Para Ulama berdalil -tentang bolehnya membicarakan keburukan seseorang karena adanya maslahat- dengan kisah Fathimah bint Qais -رضي الله عنها- yang meminta saran kepada Nabi ﷺ setelah ia dipinang oleh tiga orang lelaki (Abu Jahm, Mu’awiyah dan Usamah), maka Nabi ﷺ mengatakan :
أَمَّا أَبُو جَهْمٍ فَلَا يَضَعُ عَصَاهُ عَنْ عَاتِقِهِ وَأَمَّا مُعَاوِيَةُ فَصُعْلُوكٌ لَا مَالَ لَهُ انْكِحِي أُسَامَةَ بْنَ زَيْدٍ
“Abu Jahm adalah orang yang tidak pernah meninggalkan tongkatnya dari pundaknya (suka memukul -pent), sedangkan Mu’awiyah adalah orang yang miskin, tidak memiliki harta, karena itu nikahlah dengan Usamah bin Zaid.” [HR. Muslim]
Dalil yang lain adalah kisah Hind bint ‘Utbah -رحمه الله- yang pernah mengeluhkan suaminya (Abu Sufyan) kepada Nabi ﷺ,
قَالَتْ هِنْدُ يَا رَسُولَ اللَّهِ إِنَّ أَبَا سُفْيَانَ رَجُلٌ شَحِيحٌ فَهَلْ عَلَيَّ جُنَاحٌ أَنْ آخُذَ مِنْ مَالِهِ مَا يَكْفِينِي وَبَنِيَّ قَالَ خُذِي بِالْمَعْرُوفِ
Hindun berkata, “Wahai Rasulullah, sesungguhnya Abu Sufyan adalah seorang laki-laki yang pelit. Maka apakah aku berdosa bila mengambil sesuatu dari hartanya yang dapat menutupi kebutuhanku dan juga anakku?” beliau menjawab, “Ambillah dengan cara yang wajar.” [HR. al-Bukhari]
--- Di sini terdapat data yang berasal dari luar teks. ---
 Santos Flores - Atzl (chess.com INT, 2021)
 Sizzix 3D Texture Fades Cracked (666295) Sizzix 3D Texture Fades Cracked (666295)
Hadits di atas menunjukkan bolehnya membicarakan keburukan seseorang karena adanya maslahat duniawi. Maka, apabila membicarakan keburukan seseorang karena maslahat duniawi diperbolehkan di dalam agama -padahal itu hanya urusan personal seseorang-, maka tentu membicarakan keburukan seseorang karena maslahat agama lebih diperbolehkan, apalagi itu menyangkut urusan umat secara umum.
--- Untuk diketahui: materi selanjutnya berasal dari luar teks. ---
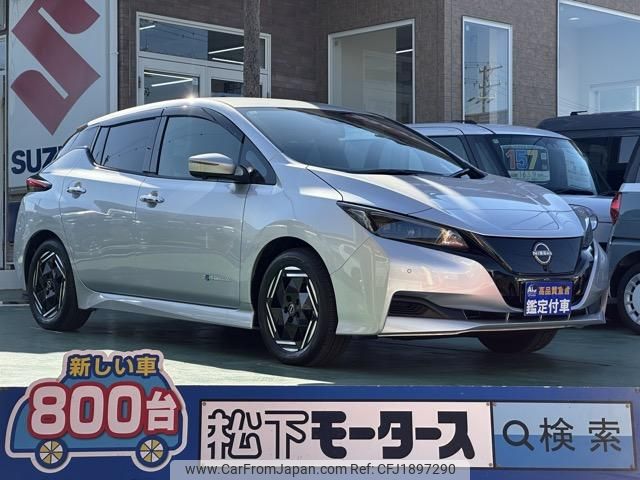 nissan leaf 2024 CFJ1897290 image 1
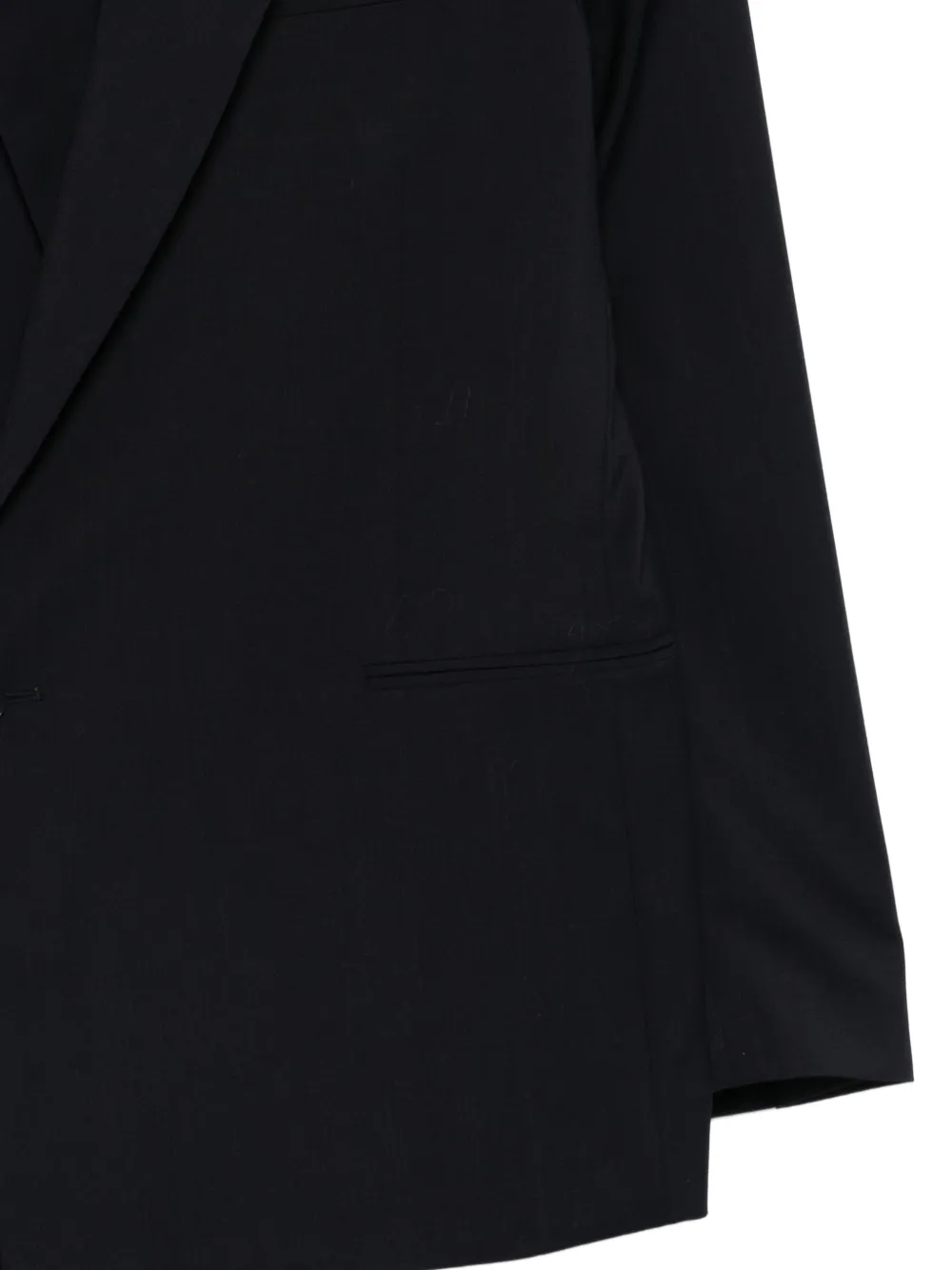 Costumein Donatien blazer met enkele rij knopen Blauw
Namun sangat disayangkan, banyak di antara orang awam atau oknum ustadz yang pola pikirnya sama dengan orang awam, merasa kepanasan dengan tahdzir/nasehat, bahkan mereka mencaci-maki dan memberikan laqob-laqob buruk kepada orang yang menasehati. Yang demikian karena mereka menimbang segala sesuatu dengan hawa nafsu dan perasaannya, bukan dengan timbangan yang syar’i. Oleh karenanya kita dapati mereka sangat kontradiksi dalam masalah nasehat/tahdzir ini :
- Jika ada yang memperingatkan kepada mereka bahwa ada seorang yang memiliki penyakit menular yang berbahaya agar jangan mendekat kepadanya, maka mereka akan berterima kasih kepada yang memperingatkannya.
- Namun jika ada yang memperingatkan kepada mereka bahwa ada seorang ustadz/dai yang memiliki penyimpangan berbahaya, maka mereka mengingkarinya.
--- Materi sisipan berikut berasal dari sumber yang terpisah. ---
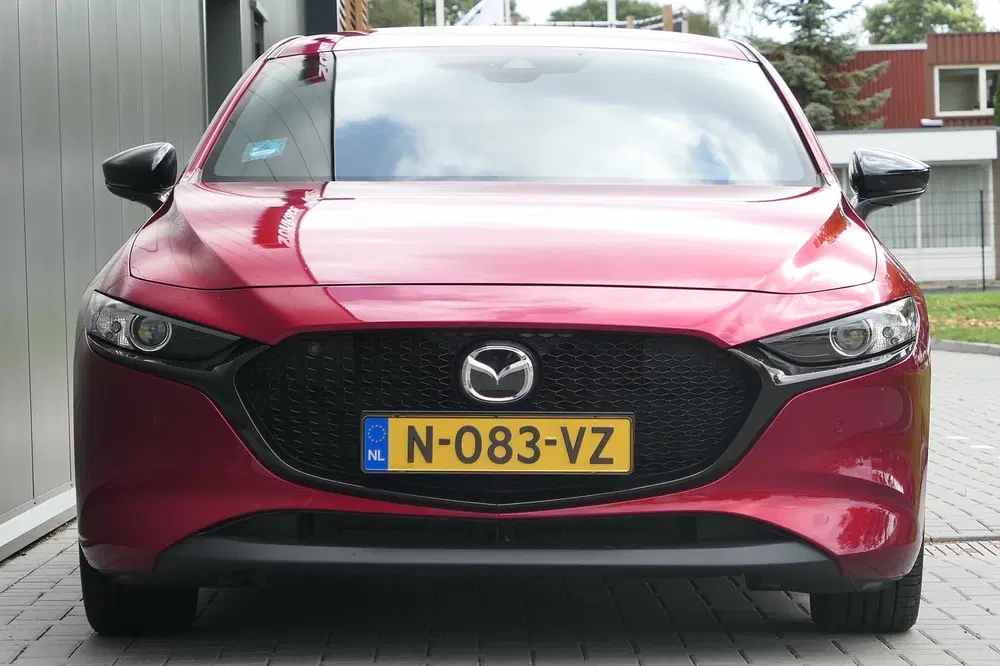 Mazda 3 2.0 e-SkyActiv-G M Hybrid 150 Sportive NAP uit 2022, foto 16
Anda akan dapati pula kontradiksi mereka tatkala ada seorang salafiy yang membicarakan penyimpangan dengan hujjah dan dalil, mereka akan menuduhnya sebagai ghibah dan celaan, namun ternyata mereka sendiri mencela salafiyyiin dengan memberikan laqob-laqob buruk (Puber Manhaj, Kanebo Kering, Kokohiyun, Polisi Manhaj, dll) yang semuanya murni celaan tanpa ada hujjah dalil sama sekali.!!
Inilah Manhaj mencla-mencle, plin-plan lagi mudzabdzab. Mereka memandang jika tahdzir itu sesuai dengan hawa nafsunya maka mereka terima, namun jika tidak sesuai dengan hawa nafsunya maka mereka ingkari.
Semoga Allah menjaga kita dari segala penyimpangan dan kesesatan.
إنه ولي ذلك والقادر عليه
✍🏻 Umar Fauzi Baladraf
Referensi :
Syarh al-Farq Bayn al-Nashihah wa al-Ta’yir oleh Fadhilatus Syaikh Dr. Abd al-Aziz al-Rayyis.